Build the Feedback Loop First

If you want software that can write itself, start with CI, linting, formatting, and tests.

Not because tidy repos are morally superior. Because agents need feedback.

By feedback, I mean machine-checkable pass/fail signals: does the change format, lint, build, and pass tests without a human having to interpret the result?

A human can survive a weak codebase. A human can remember that one lint warning nobody fixes, click around the UI to see if something feels broken, and decide that a diff is probably fine.

An agent cannot operate on vibes.

That was the durable lesson from a tooling migration I just finished on a mature project.

On paper, the work was modest:

add a real pull-request CI workflow
migrate the web app off deprecated next lint
add Prettier
add a component-test lane for the frontend
write the first useful UI regression test
turn formatting checks on in CI

None of it was product work. All of it was more expensive than it would have been at the start of the project.

Why retrofitting this later costs more

When you add this infrastructure early, you mostly choose defaults.

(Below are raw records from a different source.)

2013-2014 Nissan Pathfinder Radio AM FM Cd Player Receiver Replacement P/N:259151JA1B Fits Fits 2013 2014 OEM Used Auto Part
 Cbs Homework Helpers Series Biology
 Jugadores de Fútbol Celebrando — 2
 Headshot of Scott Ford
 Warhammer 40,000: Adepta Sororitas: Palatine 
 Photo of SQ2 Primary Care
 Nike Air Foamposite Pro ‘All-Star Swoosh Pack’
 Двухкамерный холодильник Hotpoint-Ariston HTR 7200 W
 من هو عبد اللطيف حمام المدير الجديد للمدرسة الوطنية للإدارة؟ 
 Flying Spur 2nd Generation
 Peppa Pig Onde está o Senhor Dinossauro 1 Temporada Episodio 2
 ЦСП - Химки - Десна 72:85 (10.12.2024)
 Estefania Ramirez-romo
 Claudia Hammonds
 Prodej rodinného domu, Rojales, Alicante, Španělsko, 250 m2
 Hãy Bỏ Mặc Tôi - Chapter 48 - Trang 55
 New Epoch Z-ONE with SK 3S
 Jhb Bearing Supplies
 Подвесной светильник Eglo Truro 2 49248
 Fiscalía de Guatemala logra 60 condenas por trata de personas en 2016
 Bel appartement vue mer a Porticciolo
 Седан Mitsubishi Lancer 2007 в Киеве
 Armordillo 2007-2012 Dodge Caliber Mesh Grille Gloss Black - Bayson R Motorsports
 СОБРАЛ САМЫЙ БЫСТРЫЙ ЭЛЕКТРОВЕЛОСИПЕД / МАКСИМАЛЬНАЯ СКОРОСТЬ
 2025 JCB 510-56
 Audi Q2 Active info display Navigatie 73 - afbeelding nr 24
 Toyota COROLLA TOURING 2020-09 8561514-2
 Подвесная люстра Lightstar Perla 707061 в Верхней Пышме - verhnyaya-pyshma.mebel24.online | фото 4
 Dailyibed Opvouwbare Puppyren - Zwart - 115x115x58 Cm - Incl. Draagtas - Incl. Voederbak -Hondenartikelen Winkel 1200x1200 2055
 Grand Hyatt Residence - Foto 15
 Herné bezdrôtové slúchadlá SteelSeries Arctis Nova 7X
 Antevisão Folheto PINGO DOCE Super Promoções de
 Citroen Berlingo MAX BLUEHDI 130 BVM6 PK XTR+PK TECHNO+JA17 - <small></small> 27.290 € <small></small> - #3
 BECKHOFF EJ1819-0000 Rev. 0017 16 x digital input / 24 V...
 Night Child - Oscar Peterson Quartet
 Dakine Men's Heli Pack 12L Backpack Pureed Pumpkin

When you add it late, you are negotiating with history.

The formatter rollout made that obvious.

By the time a repo is mature, style is no longer a decision. It is archaeology. Different files encode different eras, habits, and assumptions. So adding Prettier late was not a matter of picking a config and moving on. We had to compare multiple configurations and measure churn to figure out which one would do the least damage.

What we actually observed:

the best low-churn Prettier setup still touched 171 files and changed 5,256 lines
the best 120-column variant touched 217 files and changed 7,525 lines
the more uniform global configurations produced more churn

Those numbers are not a universal law. They are just what this one migration cost because the repo already had sediment. On a live repo, that churn means noisy diffs, harder review, more merge-conflict risk, and a lot of history rewritten for style.

The enforcement path was the same story.

We also could not honestly add strict format:check right away because main itself was not format-clean. So the rollout had to happen in order: first CI, then explicit linting, then Prettier setup without reformatting the repo, then frontend test infrastructure and the first regression test, then the full formatting sweep, and only after that repo-wide formatting enforcement in CI.

That kind of migration only works if you are honest about intermediate states. Setup-only Prettier is fine. A partial enforcement step is fine. But only if you describe them as bridges, not destinations.

Even the formatting sweep had to wait until the new testing PRs merged. Otherwise a 172-file mechanical diff would have turned two focused branches into rebase work.

That is a sensible migration plan. It is also a lot of choreography just to get to the baseline a new project could have had almost for free.

Tests exposed the same truth

The first frontend regression we wanted to lock down was small and user-visible: after one failed hub-autocomplete request, the next attempt should still work.

The fix was not the hard part.

The hard part was that the web app had no real way to run UI behavior checks yet. Before we could write the regression test, we first had to build a browser-like frontend test setup and prove it worked with a smoke test.

When you defer test infrastructure, the first few regression tests can turn into mini-platform projects before they become tests.

Why I think this matters even more with AI

What I take from this migration is simple: once code generation gets cheap, the repo has to get better at saying no.

If an agent can produce diffs faster than the repo can verify them, then you do not get autonomous delivery. You just make one station faster and push the queue downstream into review, testing, and integration.

Agents are best at work you can verify. A formatter, linter, test suite, and build pipeline turn software changes into that kind of work. They also let humans move up a level, from hand-checking every diff to designing the line the diff moves through.

That is why I keep coming back to the same idea: the first step of agentic software is not a better prompt. It is a codebase that can reject bad work automatically.

In practice, that means:

format so style stops being a branch in the decision tree
lint so trivial structural mistakes fail fast
test so behavior is checked instead of assumed
build so integration failures show up before review
CI so all of the above happen somewhere other than a human's memory

Without that loop, the human reviewer becomes the runtime.

The agent writes code, and then a person manually discovers whether the change is broken, ugly, incomplete, or unsafe. That is not software writing itself. That is faster draft generation. A much better definition of done is “a CI-passed PR merged.”

What I would do at the beginning next time

If I were starting a new project tomorrow, I would set this baseline immediately:

a pull-request CI workflow
one local command that runs the real checks
an explicit linter path, not a framework wrapper that might get deprecated under me
a formatter before style diverges
at least one real frontend or component-test lane before the UI gets complicated

CI is not the whole runtime story, but it is the minimum honest feedback loop.

The boring work is the first real step

None of this is glamorous, which is why teams postpone it. But if you want agents to do more than generate drafts, the repo has to grade the output without leaning on tacit human knowledge. Build the feedback loop first.